[Start of section]

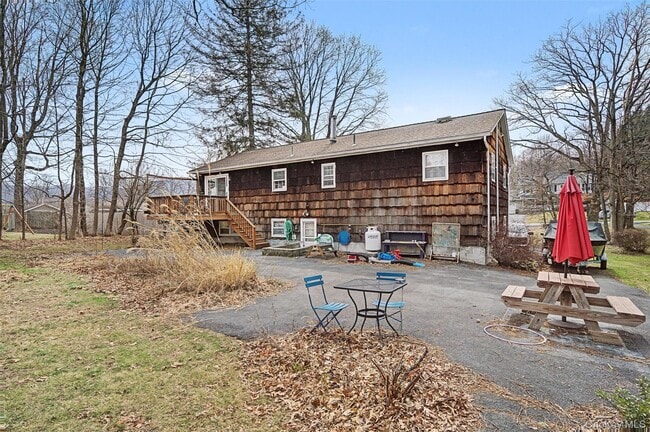 Building Photo - 10 Cedar Ln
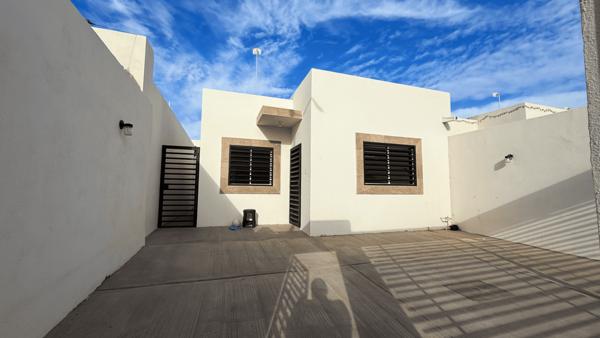 Casa en RENTA en La Paz, Baja California Sur, Fracc Altamira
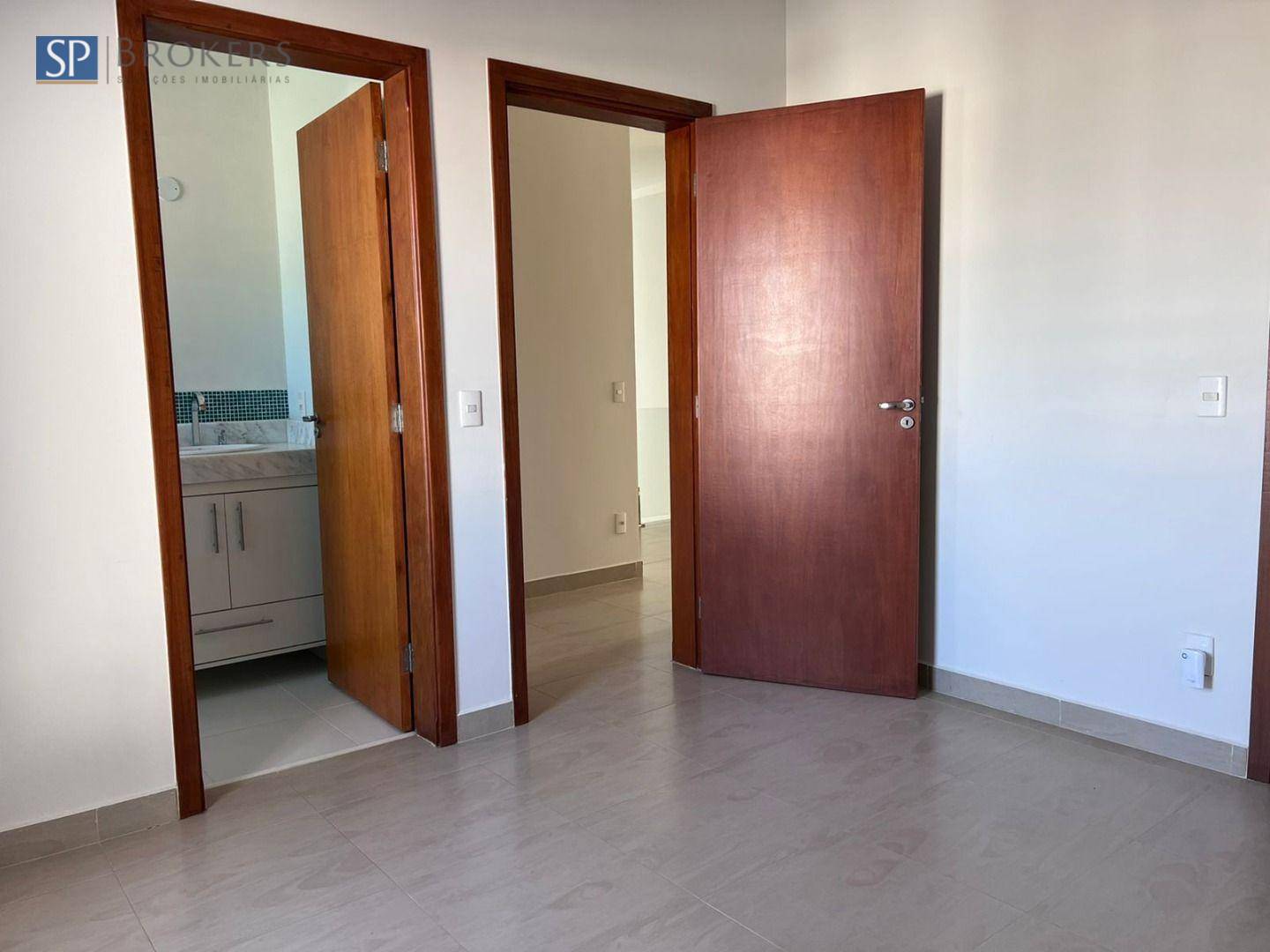 Casa de Condomínio à venda com 4 quartos, 290m² - Foto 26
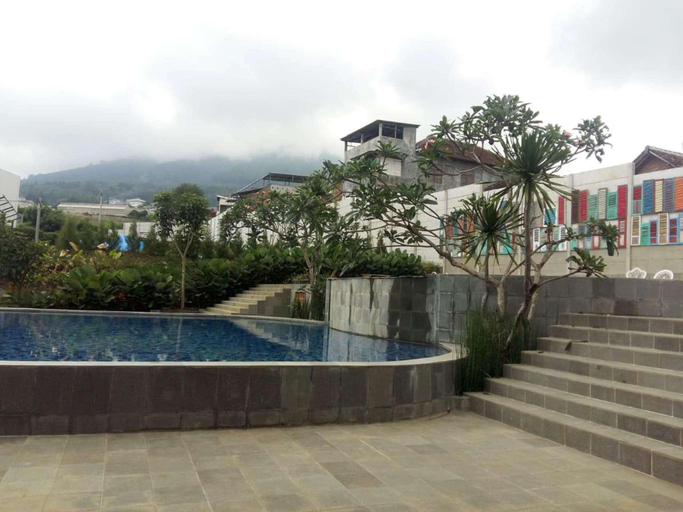 Sport & Beauty 2, Rockwood  Executive Villa's with Private Pool, Malang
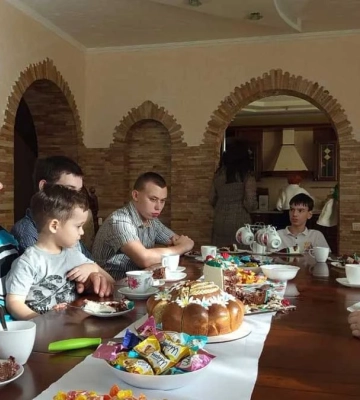 8 родин-переселенців із Херсонщини, які виховують дітей-сиріт отримали нові домівки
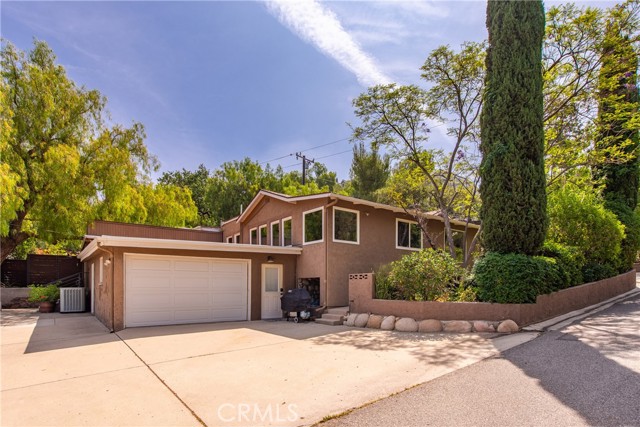 5893 Oak Knolls Road, Simi Valley CA: https://media.crmls.org/medias/ee5bdffb-6236-4c9a-a021-f1b730470855.jpg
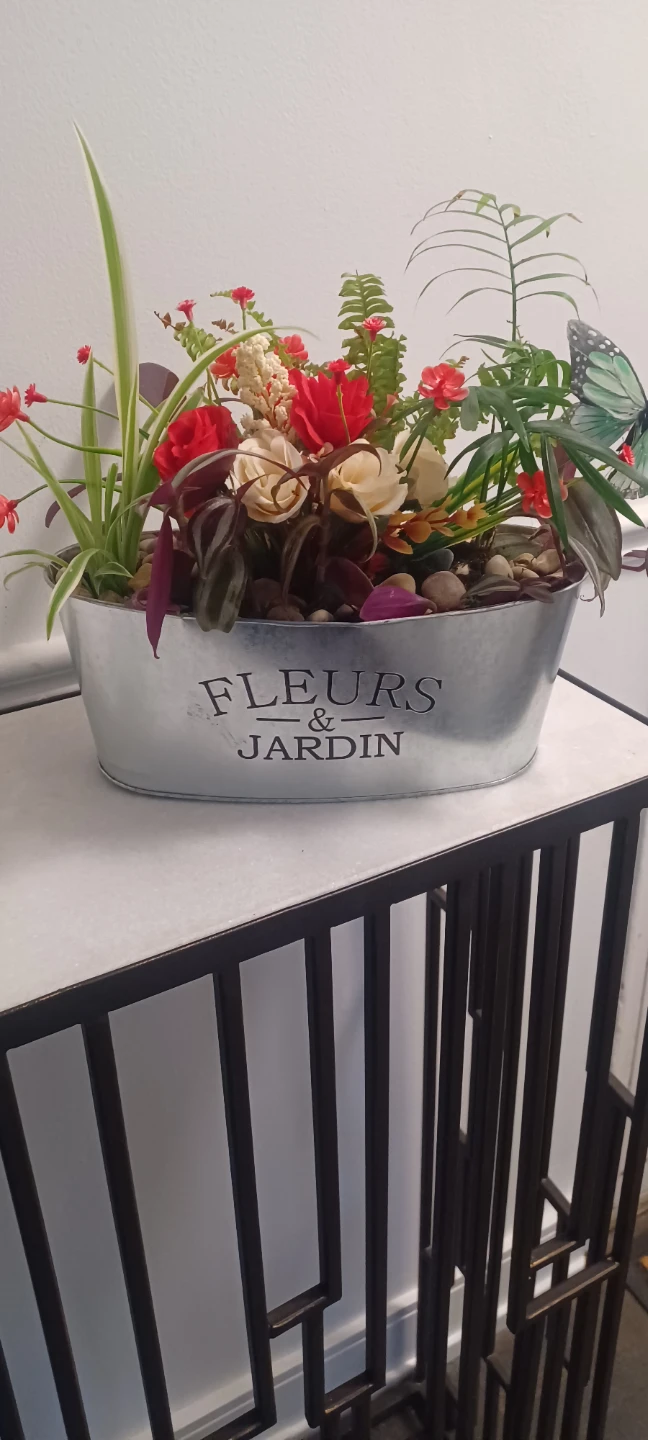 Table top arrangement.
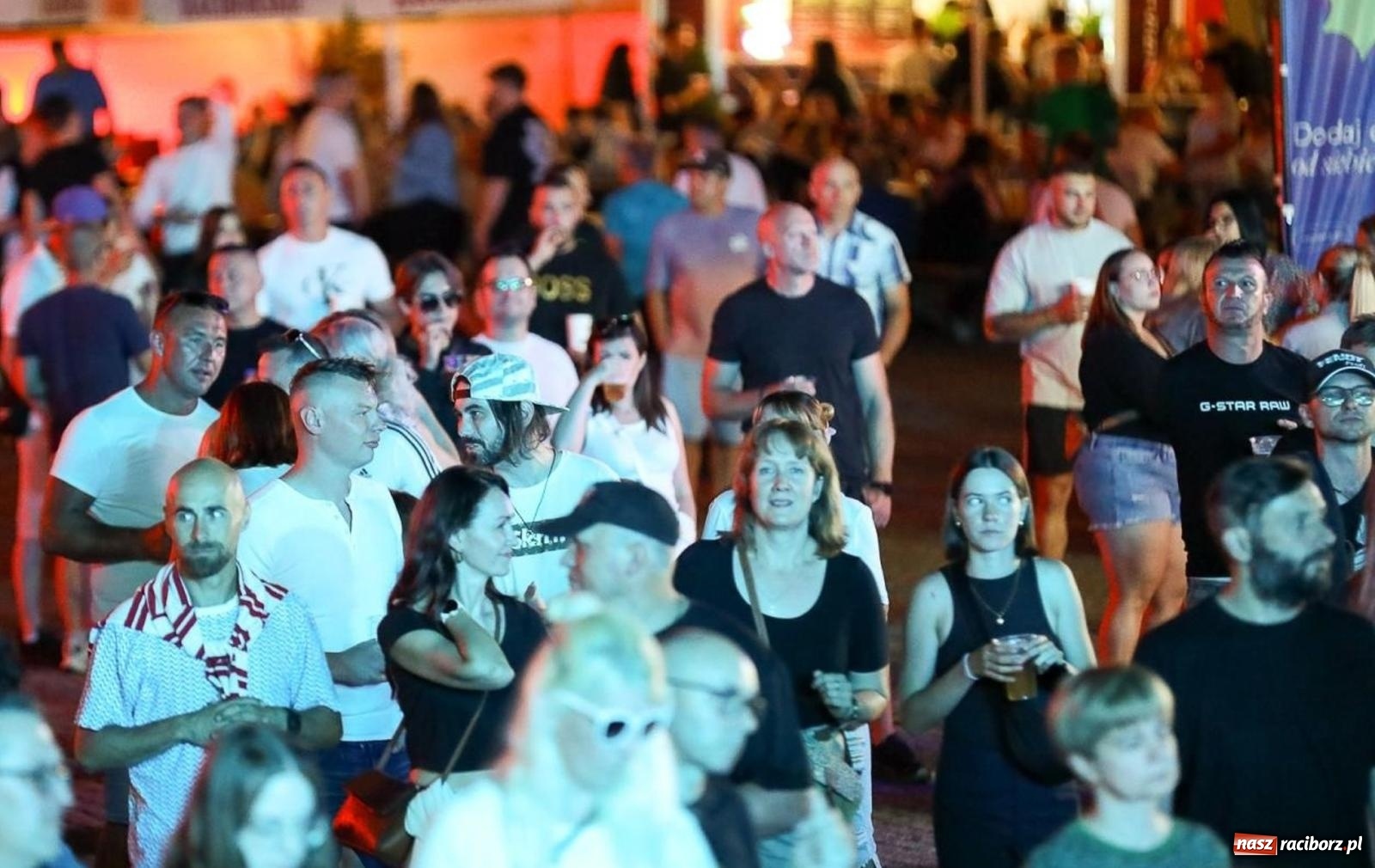 Zdjęcie w galerii na portalu naszraciborz.pl: Full Moon Festival rozświetla raciborski zamek. Elektroniczna muzyka, światła i setki uczestników wiadomości z regionu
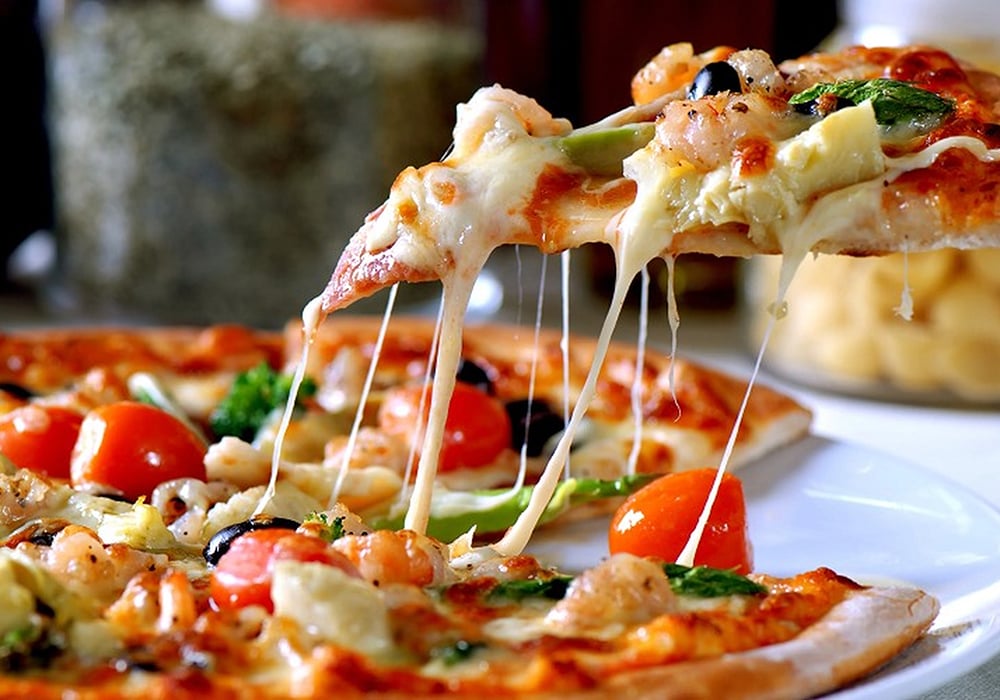 Pizza hải sản béo ngậy của phô mai, đậm vị hải sản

[End of section]

*REQUIRED WORK*.
Exactly the lines from the one containing "Table top arrangement." through the last line of the material above, both included and free of pictures, should make up your answer, please.

*RESULT FOR THIS EXERCISE*.
 Table top arrangement.
 Zdjęcie w galerii na portalu naszraciborz.pl: Full Moon Festival rozświetla raciborski zamek. Elektroniczna muzyka, światła i setki uczestników wiadomości z regionu
 Pizza hải sản béo ngậy của phô mai, đậm vị hải sản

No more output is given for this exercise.